(Multnomah County) – Multnomah County today announced partnerships with community-based organizations to distribute CARES Act business relief funds. The County’s goal is to distribute these funds to businesses in the most need, as quickly as possible, and to ensure all the funds allocated to Multnomah County are expended by the federal deadline.
“Our community has sacrificed so much to slow the spread of COVID-19,” said Multnomah County Chair Deborah Kafoury. “And many businesses are hanging on by a thread. These resources will help, but they are in no way enough. We need Congress to step up and pass more relief for individuals and businesses.”

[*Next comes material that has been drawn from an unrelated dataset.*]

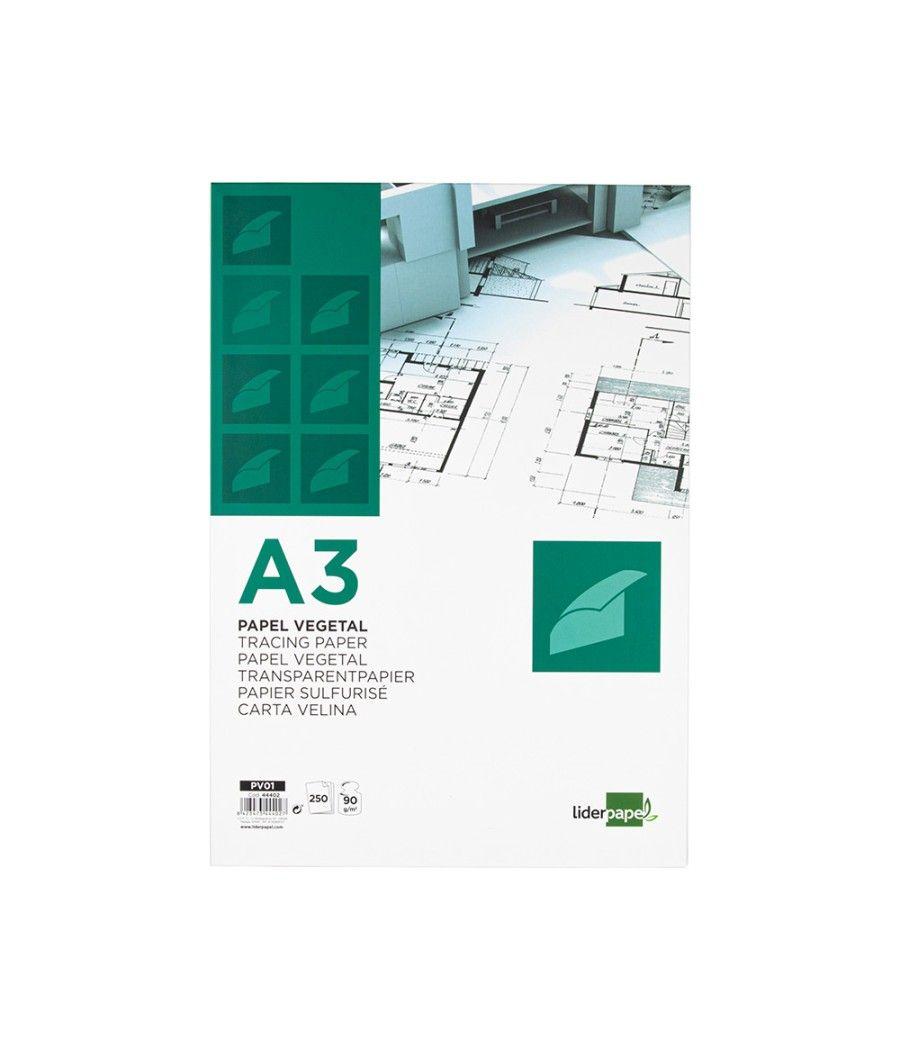 Papel dibujo liderpapel 210x297mm 90g/m2 vegetal PACK 250 UNIDADES - Imagen 2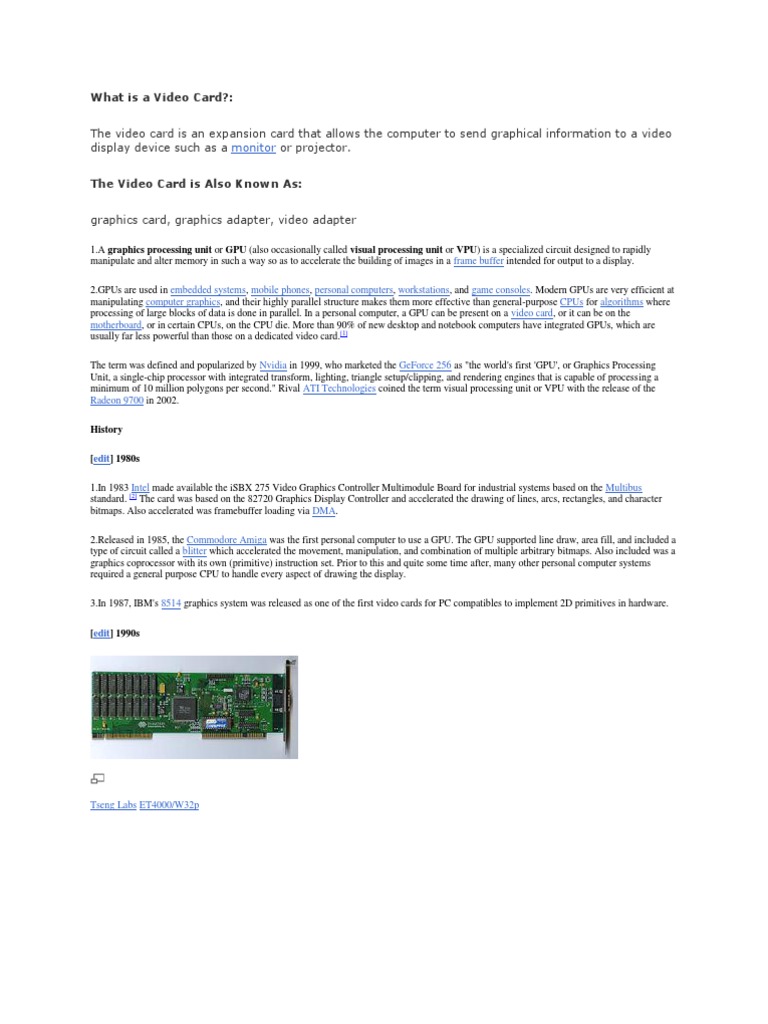 Understanding Video Cards and GPUs | PDF | Graphics Processing Unit ...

On Nov. 17, Gov. Kate Brown announced that the state of Oregon would pass through $55 million of remaining CARES Act funding to counties for business relief. Based on the allocation formula, Multnomah County received $7.6 million of this funding. The State indicated that counties should prioritize those businesses most impacted by the COVID-19 pandemic, including, but not limited to, the hospitality industry, small businesses, and Black, Indigenous, People of Color, and women-owned businesses. The Coronavirus Aid, Relief, and Economic Security (CARES) Act funding for state and local governments must be spent by Dec. 30, 2020
Multnomah County is dedicating $5.3 million of these relief funds to businesses licensed by Multnomah County, including restaurants, food carts, bed and breakfasts, benevolent associations, caterers, and limited service restaurants (prepackaged only). Owners of these businesses who have five or fewer licenses in Multnomah County are eligible to apply for $500 per license for food carts, and $1,500 per license for restaurants or other license types. Applications are due by 5 p.m. on Dec. 15, 2020.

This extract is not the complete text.